Monday, November 8, 2010

perfect fit

I opened the blinds in my bedroom for the first time in a very long time today, and would you like to know what I see? A finch; and that is about the time I realize I have never seen one before so how in the world do I know it is really a finch? Because I simply just know it is.

That is sort of how I got a guinea pig. I heard the name somewhere or read it, but I had never seen one. But I knew I would LOVE it if I got one. So, for Christmas one year I got one, and I realized how much I loved it. the guinea pig was perfect for me, and it just felt right.

I make a lot of decisions on what feels right. Its how I decide on most large purchases.

That’s how I picked out my car. I KNEW it was right for me, it just fit me so well. Its also how I make important, life changing decisions. My job at trugreen just FEELS right. It fits me, and its not perfect but it is definitely meant to be.

Sometimes I do things that people don’t understand. My parents didn’t understand why I wanted a guinea pig. No one understood why I loved the car so much and why I was so hell bent on buying that one.

But it all worked out.

It is time for Gord and I to meet. It feels right. I feel that it is supposed to happen now.

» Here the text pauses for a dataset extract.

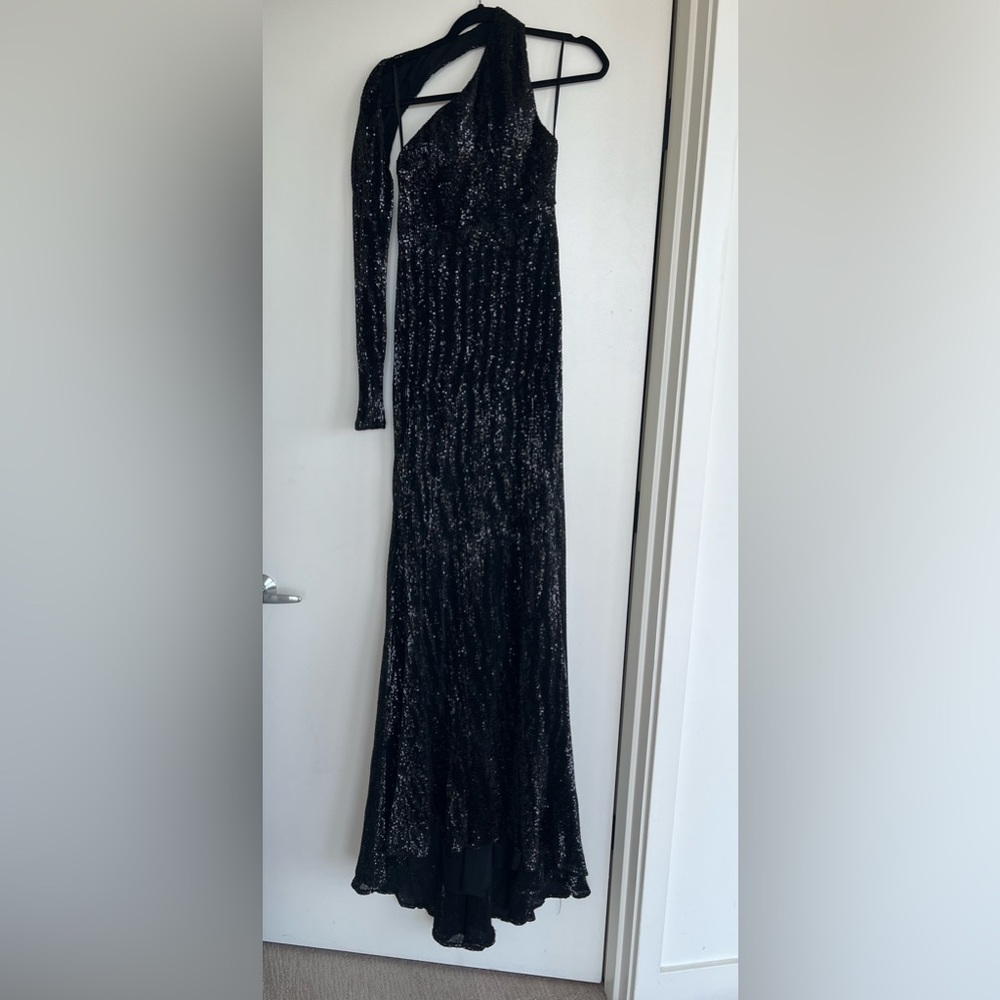 Stunning Fully Sequin, Floor Length One Shoulder Gown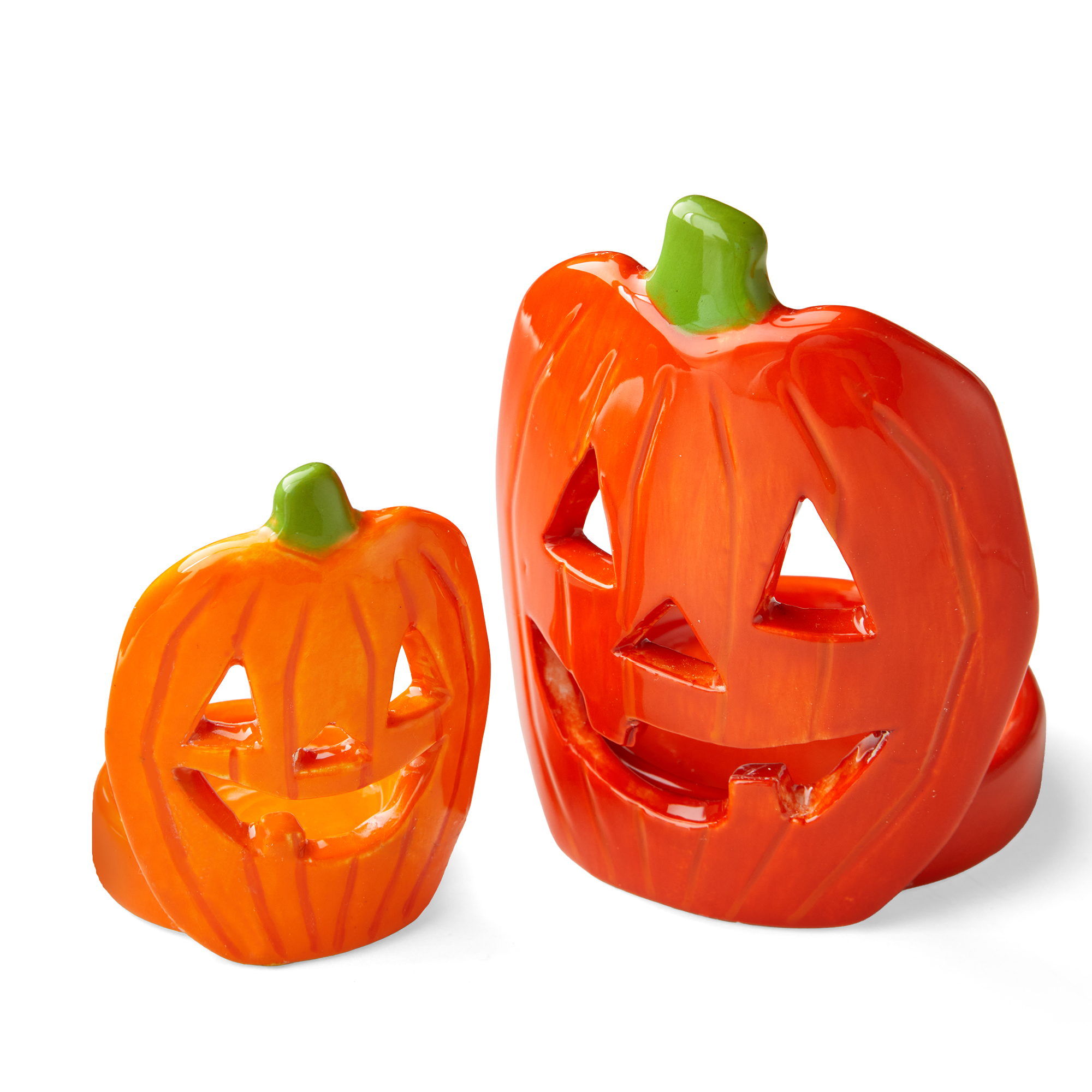 Picture of JACK-O-LANTERN NESTING CANDLEHOLDER S/2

I am not a patient person, I will be the first to admit that. so when I decided I was FINALLY ready to meet him and his reaction is ‘well, we will have to look at when we can meet up’ and he has to talk to people and I am supposed to talk to people but probably won’t. we need to plan things out and yadda yadda.

Gosh darn businessmen and their careful planning.

So, I would like this ASAP, tomorrow would be perfect. But he would like it to be around new years, and his birthday (January third). And so we will have to talk to our people and get back to each other. And plan. And plan. And plan.

And can I be honest? I am going through stages or worry

‘omg first kiss! what if I am not good at this stuff?’
‘I am so not having sex yet, what if he gets mad?’
‘eekk!! What if we hate each other?’
‘what if I am nervous so I ramble and he falls asleep with my rambling?’

And then there are the other stages where I KNOW everything will be alright. This is the first step of us expanding our relationship. He will visit here and then i will get a passport so I can visit him, and see the things he loves. And in time, we will decide what is best for us. And I KNOW, I simply KNOW this is what is meant to be. It feels right. And there is no need for me to get mad that we have to wait so long, and I don’t have to worry about being smelly. It will be perfect and better than I have imagined.

Because it is time. And it is right.
And I can hardly wait for everything to happen… I just wish it could happen RIGHT NOW.